Für ihren Entscheid hat die Schulleitung fast eine Woche gebraucht. Dass Lambert überhaupt eingeladen wurde, ist bezeichnend für das politische Klima im Departement für Architektur. Dieses ist, wie der Stuttgarter Architekturprofessor Stephan Trüby am 19. März in der NZZ aufgezeigt hat, teilweise von propalästinensischem Aktivismus geprägt. Doktoranden, Assistentinnen und einzelne Professoren unterzeichnen Aufrufe gegen Israel, in denen das Massaker der Hamas verschwiegen wird.
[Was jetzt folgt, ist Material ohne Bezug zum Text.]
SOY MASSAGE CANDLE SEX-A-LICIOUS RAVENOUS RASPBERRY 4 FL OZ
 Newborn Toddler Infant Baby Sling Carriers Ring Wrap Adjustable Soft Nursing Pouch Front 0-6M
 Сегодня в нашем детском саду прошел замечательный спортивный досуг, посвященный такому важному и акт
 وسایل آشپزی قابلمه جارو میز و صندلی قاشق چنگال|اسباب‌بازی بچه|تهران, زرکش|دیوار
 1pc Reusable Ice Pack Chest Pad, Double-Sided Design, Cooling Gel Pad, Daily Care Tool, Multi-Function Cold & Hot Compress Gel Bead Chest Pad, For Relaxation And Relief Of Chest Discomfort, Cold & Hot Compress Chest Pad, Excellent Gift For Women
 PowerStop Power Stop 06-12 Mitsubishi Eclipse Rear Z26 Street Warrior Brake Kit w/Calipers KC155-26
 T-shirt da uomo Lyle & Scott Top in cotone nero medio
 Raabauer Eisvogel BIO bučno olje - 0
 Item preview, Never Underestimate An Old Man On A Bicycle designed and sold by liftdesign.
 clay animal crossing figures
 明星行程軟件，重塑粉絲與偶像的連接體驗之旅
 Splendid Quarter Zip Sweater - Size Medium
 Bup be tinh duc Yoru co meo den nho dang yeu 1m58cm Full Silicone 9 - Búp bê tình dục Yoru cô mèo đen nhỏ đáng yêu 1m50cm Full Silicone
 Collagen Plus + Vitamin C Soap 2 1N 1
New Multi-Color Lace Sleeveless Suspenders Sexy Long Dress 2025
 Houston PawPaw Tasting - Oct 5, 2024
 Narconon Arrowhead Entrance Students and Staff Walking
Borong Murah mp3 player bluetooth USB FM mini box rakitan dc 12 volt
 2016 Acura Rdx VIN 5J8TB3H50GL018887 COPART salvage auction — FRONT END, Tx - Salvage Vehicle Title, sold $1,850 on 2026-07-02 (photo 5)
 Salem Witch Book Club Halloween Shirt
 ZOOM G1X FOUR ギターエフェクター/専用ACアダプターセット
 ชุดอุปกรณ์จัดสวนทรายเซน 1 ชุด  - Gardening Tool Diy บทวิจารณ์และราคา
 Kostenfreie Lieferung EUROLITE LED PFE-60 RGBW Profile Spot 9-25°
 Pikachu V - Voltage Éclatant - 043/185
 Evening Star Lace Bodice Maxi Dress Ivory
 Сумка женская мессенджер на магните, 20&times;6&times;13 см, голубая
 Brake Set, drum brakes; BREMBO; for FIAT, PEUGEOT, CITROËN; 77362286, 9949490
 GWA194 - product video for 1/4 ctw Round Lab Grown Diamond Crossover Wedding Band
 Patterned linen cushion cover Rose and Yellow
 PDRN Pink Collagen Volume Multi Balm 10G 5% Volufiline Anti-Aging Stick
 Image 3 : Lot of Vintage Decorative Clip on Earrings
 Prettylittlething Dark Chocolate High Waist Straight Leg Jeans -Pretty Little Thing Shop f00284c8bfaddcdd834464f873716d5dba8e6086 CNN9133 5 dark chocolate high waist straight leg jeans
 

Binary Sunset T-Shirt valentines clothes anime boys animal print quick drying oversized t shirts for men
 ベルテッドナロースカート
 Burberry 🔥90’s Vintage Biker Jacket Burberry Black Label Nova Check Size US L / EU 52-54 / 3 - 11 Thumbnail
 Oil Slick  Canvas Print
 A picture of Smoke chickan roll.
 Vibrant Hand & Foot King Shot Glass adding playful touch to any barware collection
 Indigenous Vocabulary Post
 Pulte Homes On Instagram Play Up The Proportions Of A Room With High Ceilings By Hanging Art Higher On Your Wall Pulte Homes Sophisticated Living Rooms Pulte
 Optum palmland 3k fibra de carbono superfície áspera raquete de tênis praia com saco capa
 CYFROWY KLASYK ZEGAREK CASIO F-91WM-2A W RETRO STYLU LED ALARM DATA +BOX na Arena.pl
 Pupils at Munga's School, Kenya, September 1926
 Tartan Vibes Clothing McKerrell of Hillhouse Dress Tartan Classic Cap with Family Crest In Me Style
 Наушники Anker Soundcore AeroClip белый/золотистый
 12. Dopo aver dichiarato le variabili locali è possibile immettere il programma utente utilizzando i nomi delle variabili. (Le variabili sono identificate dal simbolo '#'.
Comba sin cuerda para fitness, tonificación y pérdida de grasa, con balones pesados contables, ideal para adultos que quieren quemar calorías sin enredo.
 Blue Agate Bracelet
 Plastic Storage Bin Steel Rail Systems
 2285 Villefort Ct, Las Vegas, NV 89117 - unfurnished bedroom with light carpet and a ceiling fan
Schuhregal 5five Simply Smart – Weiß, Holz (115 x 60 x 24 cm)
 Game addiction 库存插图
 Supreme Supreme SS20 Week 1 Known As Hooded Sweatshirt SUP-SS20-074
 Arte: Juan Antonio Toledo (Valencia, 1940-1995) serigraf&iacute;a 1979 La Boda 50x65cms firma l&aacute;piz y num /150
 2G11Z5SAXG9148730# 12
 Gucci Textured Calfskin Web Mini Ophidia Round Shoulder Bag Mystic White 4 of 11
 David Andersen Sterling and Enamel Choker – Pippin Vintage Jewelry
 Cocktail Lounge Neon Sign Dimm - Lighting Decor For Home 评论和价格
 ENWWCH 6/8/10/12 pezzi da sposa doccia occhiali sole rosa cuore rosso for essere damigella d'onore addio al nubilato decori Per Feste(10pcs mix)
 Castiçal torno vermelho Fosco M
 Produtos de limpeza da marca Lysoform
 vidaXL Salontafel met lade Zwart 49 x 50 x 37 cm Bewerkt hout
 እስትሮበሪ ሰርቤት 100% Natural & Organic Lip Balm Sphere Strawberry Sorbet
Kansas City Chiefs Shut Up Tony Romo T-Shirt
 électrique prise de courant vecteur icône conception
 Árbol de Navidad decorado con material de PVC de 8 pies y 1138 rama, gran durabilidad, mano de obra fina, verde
Eine ETH-Gastprofessorin schreibt regelmässig für Léopold Lamberts Magazin «Funambulist». Ein Postdoktorand feierte in einem inzwischen gelöschten Tweet den 7. Oktober, auf Instagram attestierte er den «Zionisten» einen «tiefen Durst nach palästinensischem Blut» und einen «Eifer zur Massenvernichtung». Den Entscheid der ETH-Schulleitung, den Vortrag von Lambert zu canceln, kommentierte er so: «Du kannst deine Meinung frei äussern, solange wir mit dir einverstanden sind.» Lambert hat auf der Website seines Magazins «Funambulist» einen offenen Protestbrief an die ETH lanciert, in dem er von «Zensur» spricht und der ETH vorwirft, sie habe sich dem Druck von «rechten» Medien wie der NZZ gebeugt.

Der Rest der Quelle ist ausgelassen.